The growing popularity of the Day of the Dead may show cultural inclusiveness is still a core American value. Think of the last time you tasted smooth tequila, went to the rodeo sporting a cowboy hat, or enjoyed a slightly sweet taco al pastor. After centuries of exchange of people and ideas across what was once a fluid border, many Mexican traditions are entangled with our own.
This week, many Denver kids are as likely to eat too much candy as they are to paint sugar skulls and eat pan de muerto at school. And various Day of the Dead-themed art exhibits provide a cultural alternative to visiting a haunted house this Halloween.

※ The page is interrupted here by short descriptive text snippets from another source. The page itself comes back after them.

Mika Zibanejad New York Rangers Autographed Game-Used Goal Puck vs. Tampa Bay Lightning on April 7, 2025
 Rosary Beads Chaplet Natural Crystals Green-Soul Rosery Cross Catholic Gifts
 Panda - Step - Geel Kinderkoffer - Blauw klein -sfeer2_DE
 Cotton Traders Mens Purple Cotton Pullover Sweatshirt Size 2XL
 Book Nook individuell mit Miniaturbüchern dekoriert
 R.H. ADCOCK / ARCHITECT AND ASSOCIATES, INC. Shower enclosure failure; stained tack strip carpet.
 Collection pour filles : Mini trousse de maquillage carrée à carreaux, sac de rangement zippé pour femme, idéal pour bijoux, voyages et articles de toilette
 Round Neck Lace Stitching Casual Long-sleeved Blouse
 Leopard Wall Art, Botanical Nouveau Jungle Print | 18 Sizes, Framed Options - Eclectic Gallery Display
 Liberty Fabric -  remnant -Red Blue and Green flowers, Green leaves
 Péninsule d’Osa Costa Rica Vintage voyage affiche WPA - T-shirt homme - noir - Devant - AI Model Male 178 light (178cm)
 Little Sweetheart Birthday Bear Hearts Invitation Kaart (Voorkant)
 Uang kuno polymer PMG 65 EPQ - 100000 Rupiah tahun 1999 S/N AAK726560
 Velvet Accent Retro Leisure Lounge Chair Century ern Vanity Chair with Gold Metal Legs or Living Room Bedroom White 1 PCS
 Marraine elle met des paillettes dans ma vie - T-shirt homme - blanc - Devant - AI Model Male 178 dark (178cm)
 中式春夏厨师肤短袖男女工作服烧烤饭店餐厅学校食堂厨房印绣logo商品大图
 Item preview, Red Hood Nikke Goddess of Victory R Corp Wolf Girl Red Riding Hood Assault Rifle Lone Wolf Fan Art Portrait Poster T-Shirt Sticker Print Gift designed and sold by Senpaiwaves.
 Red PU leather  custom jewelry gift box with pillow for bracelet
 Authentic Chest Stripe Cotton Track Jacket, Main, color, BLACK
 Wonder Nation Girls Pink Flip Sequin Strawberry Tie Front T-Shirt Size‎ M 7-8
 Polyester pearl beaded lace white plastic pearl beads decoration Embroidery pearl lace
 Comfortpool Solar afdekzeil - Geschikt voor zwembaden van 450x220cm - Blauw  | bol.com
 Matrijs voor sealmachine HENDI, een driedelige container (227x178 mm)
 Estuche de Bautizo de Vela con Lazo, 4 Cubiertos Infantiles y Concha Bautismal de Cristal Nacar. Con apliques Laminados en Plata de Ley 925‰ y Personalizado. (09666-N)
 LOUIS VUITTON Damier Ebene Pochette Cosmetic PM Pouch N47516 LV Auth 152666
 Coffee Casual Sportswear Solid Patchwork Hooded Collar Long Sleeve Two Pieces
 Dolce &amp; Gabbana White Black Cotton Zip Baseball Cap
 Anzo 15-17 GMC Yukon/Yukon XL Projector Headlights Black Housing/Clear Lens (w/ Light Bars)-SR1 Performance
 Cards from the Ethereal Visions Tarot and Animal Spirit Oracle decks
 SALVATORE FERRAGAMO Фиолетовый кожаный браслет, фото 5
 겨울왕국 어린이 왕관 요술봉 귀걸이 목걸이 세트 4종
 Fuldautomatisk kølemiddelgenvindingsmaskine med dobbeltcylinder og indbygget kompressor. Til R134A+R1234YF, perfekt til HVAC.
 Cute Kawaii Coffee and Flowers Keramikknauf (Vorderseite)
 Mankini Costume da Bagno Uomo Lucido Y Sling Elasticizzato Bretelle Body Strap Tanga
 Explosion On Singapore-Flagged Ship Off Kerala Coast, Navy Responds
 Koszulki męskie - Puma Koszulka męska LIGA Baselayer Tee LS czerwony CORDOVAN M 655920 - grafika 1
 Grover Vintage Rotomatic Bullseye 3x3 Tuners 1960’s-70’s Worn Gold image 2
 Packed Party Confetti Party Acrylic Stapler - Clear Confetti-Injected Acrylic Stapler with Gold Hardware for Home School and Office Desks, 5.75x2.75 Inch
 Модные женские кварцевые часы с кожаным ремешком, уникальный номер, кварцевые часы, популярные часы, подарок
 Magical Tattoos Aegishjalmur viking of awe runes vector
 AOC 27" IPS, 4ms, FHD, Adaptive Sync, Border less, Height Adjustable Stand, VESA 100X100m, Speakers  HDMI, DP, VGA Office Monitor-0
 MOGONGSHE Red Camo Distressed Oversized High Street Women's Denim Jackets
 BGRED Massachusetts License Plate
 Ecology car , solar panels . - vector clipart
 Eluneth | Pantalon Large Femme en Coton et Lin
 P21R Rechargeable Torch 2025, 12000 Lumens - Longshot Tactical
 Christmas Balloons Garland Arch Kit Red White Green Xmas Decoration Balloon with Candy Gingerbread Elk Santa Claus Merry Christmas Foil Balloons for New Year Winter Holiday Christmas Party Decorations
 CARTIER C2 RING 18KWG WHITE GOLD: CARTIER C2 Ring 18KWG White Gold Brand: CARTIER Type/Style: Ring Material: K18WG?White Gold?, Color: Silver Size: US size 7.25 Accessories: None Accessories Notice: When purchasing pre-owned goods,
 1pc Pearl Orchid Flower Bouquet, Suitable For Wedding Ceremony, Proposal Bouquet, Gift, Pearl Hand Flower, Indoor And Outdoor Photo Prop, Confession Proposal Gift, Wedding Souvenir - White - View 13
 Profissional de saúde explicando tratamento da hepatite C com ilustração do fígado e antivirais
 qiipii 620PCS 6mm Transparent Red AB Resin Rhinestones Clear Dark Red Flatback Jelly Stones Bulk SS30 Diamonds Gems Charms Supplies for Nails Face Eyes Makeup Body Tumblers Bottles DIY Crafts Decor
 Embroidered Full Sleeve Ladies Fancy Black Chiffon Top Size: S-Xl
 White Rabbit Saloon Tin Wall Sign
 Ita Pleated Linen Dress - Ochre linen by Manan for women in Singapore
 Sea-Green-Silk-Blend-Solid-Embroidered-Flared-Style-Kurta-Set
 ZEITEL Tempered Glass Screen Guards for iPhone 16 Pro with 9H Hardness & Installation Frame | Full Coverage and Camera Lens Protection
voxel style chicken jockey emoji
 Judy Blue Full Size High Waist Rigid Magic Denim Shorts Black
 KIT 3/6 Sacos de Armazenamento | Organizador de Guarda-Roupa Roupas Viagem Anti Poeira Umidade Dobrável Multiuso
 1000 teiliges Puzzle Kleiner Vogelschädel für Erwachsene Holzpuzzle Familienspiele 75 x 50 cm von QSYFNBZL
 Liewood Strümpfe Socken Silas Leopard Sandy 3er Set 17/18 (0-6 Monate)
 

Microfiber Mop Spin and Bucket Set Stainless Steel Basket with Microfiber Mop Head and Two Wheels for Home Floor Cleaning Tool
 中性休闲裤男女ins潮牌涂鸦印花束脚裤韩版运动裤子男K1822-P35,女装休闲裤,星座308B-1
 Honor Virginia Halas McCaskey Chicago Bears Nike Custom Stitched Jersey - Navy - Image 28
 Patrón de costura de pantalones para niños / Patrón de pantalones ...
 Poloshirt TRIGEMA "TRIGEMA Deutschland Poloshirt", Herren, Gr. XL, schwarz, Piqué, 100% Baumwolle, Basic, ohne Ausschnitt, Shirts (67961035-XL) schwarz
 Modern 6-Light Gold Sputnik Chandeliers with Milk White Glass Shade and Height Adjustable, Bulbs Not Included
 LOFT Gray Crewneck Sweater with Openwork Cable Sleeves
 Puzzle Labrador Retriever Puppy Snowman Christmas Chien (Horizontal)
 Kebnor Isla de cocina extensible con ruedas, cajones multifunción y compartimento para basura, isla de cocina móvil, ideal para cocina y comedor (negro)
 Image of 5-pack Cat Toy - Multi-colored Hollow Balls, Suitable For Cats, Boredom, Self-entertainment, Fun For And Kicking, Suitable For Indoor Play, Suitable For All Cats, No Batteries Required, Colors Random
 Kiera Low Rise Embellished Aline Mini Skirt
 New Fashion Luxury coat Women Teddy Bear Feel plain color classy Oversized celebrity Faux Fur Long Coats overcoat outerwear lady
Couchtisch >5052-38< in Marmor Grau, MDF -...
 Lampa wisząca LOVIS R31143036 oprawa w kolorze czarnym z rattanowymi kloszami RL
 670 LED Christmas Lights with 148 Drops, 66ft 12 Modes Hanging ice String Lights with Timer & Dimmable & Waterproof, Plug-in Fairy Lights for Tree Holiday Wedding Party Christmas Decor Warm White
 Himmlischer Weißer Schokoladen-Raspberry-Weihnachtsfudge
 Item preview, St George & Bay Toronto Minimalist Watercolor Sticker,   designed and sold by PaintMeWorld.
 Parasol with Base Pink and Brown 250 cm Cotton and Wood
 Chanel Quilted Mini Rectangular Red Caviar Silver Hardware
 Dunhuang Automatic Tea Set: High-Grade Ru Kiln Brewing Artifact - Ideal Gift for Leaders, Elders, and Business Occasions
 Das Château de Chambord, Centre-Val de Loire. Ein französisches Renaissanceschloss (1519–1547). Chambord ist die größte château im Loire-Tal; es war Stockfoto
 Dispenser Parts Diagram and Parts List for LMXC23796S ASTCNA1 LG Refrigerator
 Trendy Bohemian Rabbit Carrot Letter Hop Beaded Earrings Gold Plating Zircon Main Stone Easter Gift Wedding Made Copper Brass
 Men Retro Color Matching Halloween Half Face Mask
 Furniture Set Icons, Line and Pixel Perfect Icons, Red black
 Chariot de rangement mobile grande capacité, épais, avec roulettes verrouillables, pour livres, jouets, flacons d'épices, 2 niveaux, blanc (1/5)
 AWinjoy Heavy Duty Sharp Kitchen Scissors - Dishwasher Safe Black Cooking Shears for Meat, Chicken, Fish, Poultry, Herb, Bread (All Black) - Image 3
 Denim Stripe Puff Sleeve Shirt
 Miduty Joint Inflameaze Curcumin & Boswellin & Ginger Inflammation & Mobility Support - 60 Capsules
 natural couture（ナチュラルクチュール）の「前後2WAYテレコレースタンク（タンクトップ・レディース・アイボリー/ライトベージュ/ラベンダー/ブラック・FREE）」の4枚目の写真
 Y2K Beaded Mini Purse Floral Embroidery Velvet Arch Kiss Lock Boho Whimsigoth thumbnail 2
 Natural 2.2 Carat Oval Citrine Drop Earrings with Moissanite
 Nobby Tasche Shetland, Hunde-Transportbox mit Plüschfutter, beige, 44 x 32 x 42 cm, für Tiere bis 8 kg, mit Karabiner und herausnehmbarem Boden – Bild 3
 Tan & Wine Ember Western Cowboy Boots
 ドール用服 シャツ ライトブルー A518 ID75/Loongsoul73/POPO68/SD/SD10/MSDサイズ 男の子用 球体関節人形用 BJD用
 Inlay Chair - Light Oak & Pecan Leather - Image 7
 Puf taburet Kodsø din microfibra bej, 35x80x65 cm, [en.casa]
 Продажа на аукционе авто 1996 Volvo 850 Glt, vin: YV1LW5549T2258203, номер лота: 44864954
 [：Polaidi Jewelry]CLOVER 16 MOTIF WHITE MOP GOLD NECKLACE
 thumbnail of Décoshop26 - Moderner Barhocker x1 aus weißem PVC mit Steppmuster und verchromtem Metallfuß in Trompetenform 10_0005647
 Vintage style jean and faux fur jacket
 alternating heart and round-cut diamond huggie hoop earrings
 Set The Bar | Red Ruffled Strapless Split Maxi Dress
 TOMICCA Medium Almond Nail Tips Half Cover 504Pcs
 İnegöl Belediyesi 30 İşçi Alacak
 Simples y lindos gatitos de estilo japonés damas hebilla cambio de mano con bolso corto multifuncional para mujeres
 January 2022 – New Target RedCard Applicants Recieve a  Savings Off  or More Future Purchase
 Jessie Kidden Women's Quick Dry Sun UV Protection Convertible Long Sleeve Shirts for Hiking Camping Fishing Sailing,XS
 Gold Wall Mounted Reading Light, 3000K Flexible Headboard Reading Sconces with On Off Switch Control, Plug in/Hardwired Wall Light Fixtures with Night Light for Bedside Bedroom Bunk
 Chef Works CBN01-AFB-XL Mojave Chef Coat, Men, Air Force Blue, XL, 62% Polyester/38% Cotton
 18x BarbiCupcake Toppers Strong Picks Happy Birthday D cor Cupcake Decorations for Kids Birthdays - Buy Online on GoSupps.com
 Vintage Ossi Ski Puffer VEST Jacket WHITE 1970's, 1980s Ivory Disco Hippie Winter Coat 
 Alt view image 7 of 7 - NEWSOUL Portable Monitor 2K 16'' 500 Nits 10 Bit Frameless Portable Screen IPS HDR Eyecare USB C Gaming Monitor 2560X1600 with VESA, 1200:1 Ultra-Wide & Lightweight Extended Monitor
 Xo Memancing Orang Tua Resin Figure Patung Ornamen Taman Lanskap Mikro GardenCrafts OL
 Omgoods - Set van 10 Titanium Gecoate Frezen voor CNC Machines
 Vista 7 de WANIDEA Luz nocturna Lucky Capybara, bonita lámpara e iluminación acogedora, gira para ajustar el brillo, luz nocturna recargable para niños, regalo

When the Colorado Folk Arts Council began organizing Day of the Dead presentations at local schools 12 years ago, teachers and administrators weren’t interested. This year, CFAC program coordinator Renee Fajardo says she had to turn down at least 60 requests from schools for Day of the Dead workshops. The organization is only funded to put on 10 such school presentations.
Since the Day of the Dead was originally observed by the Aztecs of pre-colonial Mexico, Fajardo says the holiday has significance for all people of the Americas, particularly the indigenous groups.
“The fact this holiday is becoming mainstream, particularly in the Southwest, is appropriate because it belongs here, it’s always been here, and it’s a part of this land,” Fajardo said.